• COLLECTED MATERIAL:
=-=-=

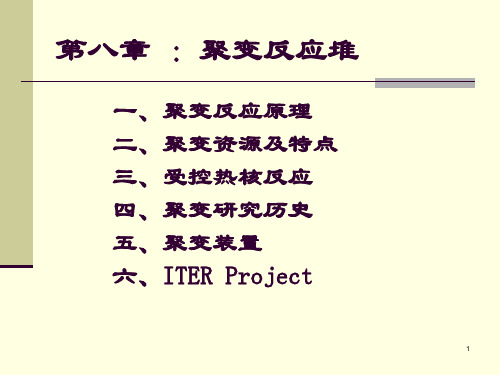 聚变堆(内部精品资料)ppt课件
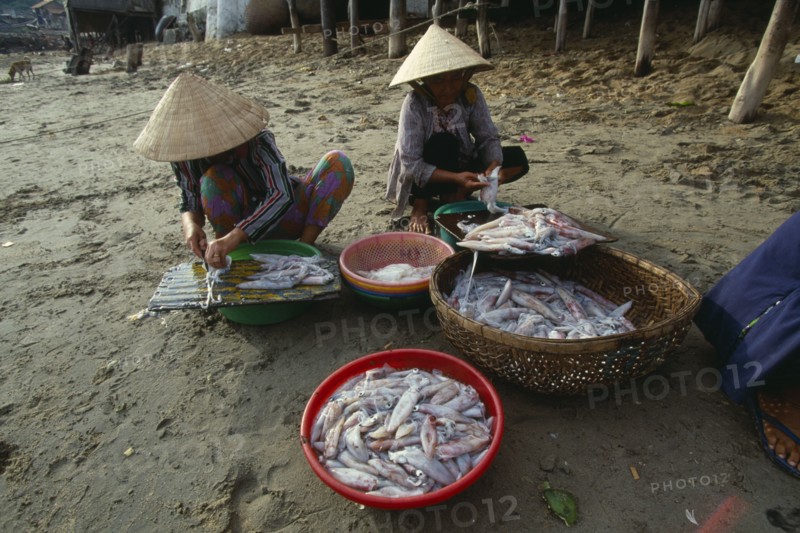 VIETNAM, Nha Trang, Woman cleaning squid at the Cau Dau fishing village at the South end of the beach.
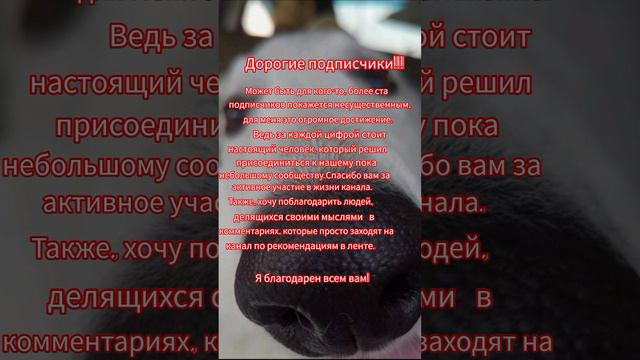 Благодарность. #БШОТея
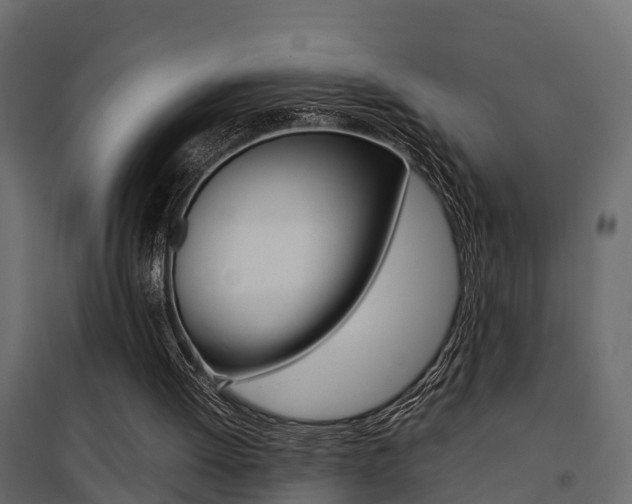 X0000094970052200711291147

=-=-=

• TASK TO COMPLETE: Leave the pictures aside and print exactly, and only, the lines from the one with "Благодарность. #БШОТея" through the end of the data, both included.

• TASK OUTPUT:
 Благодарность. #БШОТея
 X0000094970052200711291147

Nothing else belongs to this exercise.